=== THE INPUT ===

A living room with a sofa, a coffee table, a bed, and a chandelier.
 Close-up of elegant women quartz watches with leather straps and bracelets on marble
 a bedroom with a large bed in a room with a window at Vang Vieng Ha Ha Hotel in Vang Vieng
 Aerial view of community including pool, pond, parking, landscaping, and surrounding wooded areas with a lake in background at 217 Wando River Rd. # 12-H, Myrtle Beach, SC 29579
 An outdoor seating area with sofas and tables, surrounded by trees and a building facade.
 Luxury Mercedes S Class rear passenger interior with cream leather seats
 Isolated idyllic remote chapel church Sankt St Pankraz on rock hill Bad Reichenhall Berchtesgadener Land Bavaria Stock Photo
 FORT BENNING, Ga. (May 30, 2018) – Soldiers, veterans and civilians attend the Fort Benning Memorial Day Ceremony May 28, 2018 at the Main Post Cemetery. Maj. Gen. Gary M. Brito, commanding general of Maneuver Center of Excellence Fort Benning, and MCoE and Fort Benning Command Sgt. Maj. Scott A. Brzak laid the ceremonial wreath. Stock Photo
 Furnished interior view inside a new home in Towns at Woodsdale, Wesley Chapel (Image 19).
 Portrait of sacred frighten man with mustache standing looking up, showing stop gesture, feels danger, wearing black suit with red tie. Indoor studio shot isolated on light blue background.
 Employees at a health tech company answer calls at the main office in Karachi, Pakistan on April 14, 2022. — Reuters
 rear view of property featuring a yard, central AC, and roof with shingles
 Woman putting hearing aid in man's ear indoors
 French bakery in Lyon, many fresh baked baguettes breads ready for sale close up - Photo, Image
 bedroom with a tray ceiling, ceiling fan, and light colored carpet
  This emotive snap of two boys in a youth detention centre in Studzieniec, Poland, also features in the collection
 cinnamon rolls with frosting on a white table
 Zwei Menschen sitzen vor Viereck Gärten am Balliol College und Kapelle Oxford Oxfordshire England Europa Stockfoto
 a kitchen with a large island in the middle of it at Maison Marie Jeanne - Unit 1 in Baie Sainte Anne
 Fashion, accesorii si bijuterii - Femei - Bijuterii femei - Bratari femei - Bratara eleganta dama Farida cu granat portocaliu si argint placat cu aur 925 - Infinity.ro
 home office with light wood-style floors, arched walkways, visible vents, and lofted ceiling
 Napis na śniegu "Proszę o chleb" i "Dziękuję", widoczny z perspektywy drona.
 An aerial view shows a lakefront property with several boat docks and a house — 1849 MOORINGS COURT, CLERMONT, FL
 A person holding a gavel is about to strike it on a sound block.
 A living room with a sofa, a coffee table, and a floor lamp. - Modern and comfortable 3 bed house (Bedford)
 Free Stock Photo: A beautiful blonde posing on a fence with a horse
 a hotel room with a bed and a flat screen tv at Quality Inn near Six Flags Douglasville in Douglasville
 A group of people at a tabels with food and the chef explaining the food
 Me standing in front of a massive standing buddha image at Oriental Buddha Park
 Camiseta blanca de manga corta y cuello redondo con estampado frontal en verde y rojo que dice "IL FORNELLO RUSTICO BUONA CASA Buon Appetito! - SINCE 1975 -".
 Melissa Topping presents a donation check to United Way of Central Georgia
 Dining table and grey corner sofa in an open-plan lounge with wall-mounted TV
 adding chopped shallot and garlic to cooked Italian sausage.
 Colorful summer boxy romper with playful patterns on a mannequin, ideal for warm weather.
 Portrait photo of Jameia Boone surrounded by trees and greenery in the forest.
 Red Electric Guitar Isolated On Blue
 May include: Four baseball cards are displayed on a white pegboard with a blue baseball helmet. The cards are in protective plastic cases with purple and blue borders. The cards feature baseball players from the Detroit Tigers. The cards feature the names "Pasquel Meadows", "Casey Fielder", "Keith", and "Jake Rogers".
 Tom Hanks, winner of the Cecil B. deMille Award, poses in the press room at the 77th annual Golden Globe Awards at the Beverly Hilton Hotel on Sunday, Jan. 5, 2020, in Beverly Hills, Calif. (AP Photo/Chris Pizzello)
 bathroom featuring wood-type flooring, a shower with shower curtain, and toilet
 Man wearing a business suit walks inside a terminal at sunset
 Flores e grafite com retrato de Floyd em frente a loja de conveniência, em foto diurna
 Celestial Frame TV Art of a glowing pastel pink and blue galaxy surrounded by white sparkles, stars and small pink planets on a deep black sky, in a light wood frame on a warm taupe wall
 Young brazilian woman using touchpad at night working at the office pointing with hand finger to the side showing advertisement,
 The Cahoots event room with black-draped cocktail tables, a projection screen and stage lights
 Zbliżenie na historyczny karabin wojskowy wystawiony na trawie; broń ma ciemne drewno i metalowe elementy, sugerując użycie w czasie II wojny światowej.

===

*WORK TO COMPLETE:* When the line with "Napis na śniegu" is reached in the data above, begin copying, and stop after the line with "Red Electric Guitar Isolated On Blue"; copy each line exactly, both ends included.

*SOLUTION FOR THIS TASK:*
 Napis na śniegu "Proszę o chleb" i "Dziękuję", widoczny z perspektywy drona.
 An aerial view shows a lakefront property with several boat docks and a house — 1849 MOORINGS COURT, CLERMONT, FL
 A person holding a gavel is about to strike it on a sound block.
 A living room with a sofa, a coffee table, and a floor lamp. - Modern and comfortable 3 bed house (Bedford)
 Free Stock Photo: A beautiful blonde posing on a fence with a horse
 a hotel room with a bed and a flat screen tv at Quality Inn near Six Flags Douglasville in Douglasville
 A group of people at a tabels with food and the chef explaining the food
 Me standing in front of a massive standing buddha image at Oriental Buddha Park
 Camiseta blanca de manga corta y cuello redondo con estampado frontal en verde y rojo que dice "IL FORNELLO RUSTICO BUONA CASA Buon Appetito! - SINCE 1975 -".
 Melissa Topping presents a donation check to United Way of Central Georgia
 Dining table and grey corner sofa in an open-plan lounge with wall-mounted TV
 adding chopped shallot and garlic to cooked Italian sausage.
 Colorful summer boxy romper with playful patterns on a mannequin, ideal for warm weather.
 Portrait photo of Jameia Boone surrounded by trees and greenery in the forest.
 Red Electric Guitar Isolated On Blue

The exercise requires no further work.